Remington Arms agreed Tuesday to settle liability claims from the families of five adults and four children killed in the massacre at Sandy Hook Elementary School, according to a new court filing, marking the first time a gun manufacturer has been held accountable for a mass shooting in the U.S.
Remington agreed to pay the families $73 million.
The settlement comes over seven years after the families sued the maker of the Bushmaster XM15-E2S semiautomatic rifle that was used in the 2012 mass shooting in Newtown, Connecticut.
Nicole Hockley, whose son, Dylan, was killed in the shooting, said in a statement, "My beautiful butterfly, Dylan, is gone because Remington prioritized its profit over my son's safety. Marketing weapons of war directly to young people known to have a strong fascination with firearms is reckless and, as too many families know, deadly conduct. Using marketing to convey that a person is more powerful or more masculine by using a particular type or brand of firearm is deeply irresponsible."
"My hope is that by facing and finally being penalized for the impact of their work, gun companies, along with the insurance and banking industries that enable them, will be forced to make their business practices safer than they have ever been," Hockley said.
On Dec. 14, 2012, Adam Lanza, 20, forced his way into Sandy Hook Elementary School, and in the course of 264 seconds, fatally shot 20 first-graders and six staff members.
The rifle Lanza used was Remington’s version of the AR-15 assault rifle, which is substantially similar to the standard issue M16 military service rifle used by the U.S. Army and other nations’ armed forces, but fires only in semiautomatic mode.
The families argued Remington negligently entrusted to civilian consumers an assault-style rifle that is suitable for use only by military and law enforcement personnel and violated the Connecticut Unfair Trade Practices Act through the sale or wrongful marketing of the rifle.
Remington, which filed for bankruptcy protection in July 2020, had argued all of the plaintiffs’ legal theories were barred under Connecticut law and by a federal statute -- the Protection of Lawful Commerce in Arms Act -- which, with limited exceptions, immunizes firearms manufacturers, distributors and dealers from civil liability for crimes committed by third parties using their weapons.
Francine Wheeler, mother of 6-year-old victim Benjamin Wheeler, said at Tuesday's news conference, "Today is about how and why he died. Today is about what is right and what is wrong. Today is about the last five minutes of his life. Which were tragic, traumatic and the worst thing that can happen to a child."
"Our legal system has given us some justice today but … David [Ben's father] and I will never have true justice," she said. "True justice would be our 15-year-old healthy and standing next to us right now. But Ben will never be 15. He will be 6 forever."

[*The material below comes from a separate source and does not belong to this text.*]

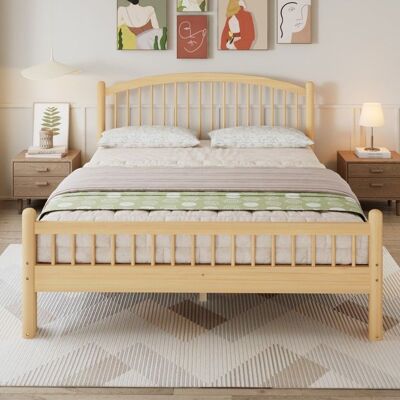 NOBRAND Lit Double 140x200cm Bois Naturel Minimaliste Tête & Sommier Lattes Robuste Lit Deux Places Épuré Sans Matelas - Publicité NOBRAND Lit Double 140x200cm Bois Naturel Minimaliste Tête & Sommier Lattes Robuste Lit Deux Places Épuré Sans Matelas - Publicité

David Wheeler added, "We want to make sure that another father and another mother don't have to stand here someday."
Executives from other firearms manufacturers are almost certainly going to be having lots of meetings and issuing lots of memos in the weeks ahead.
It's a small victory, but the first of hopefully many wins, as there seems to be a never-ending stream of American firearm tragedies to take legal action against.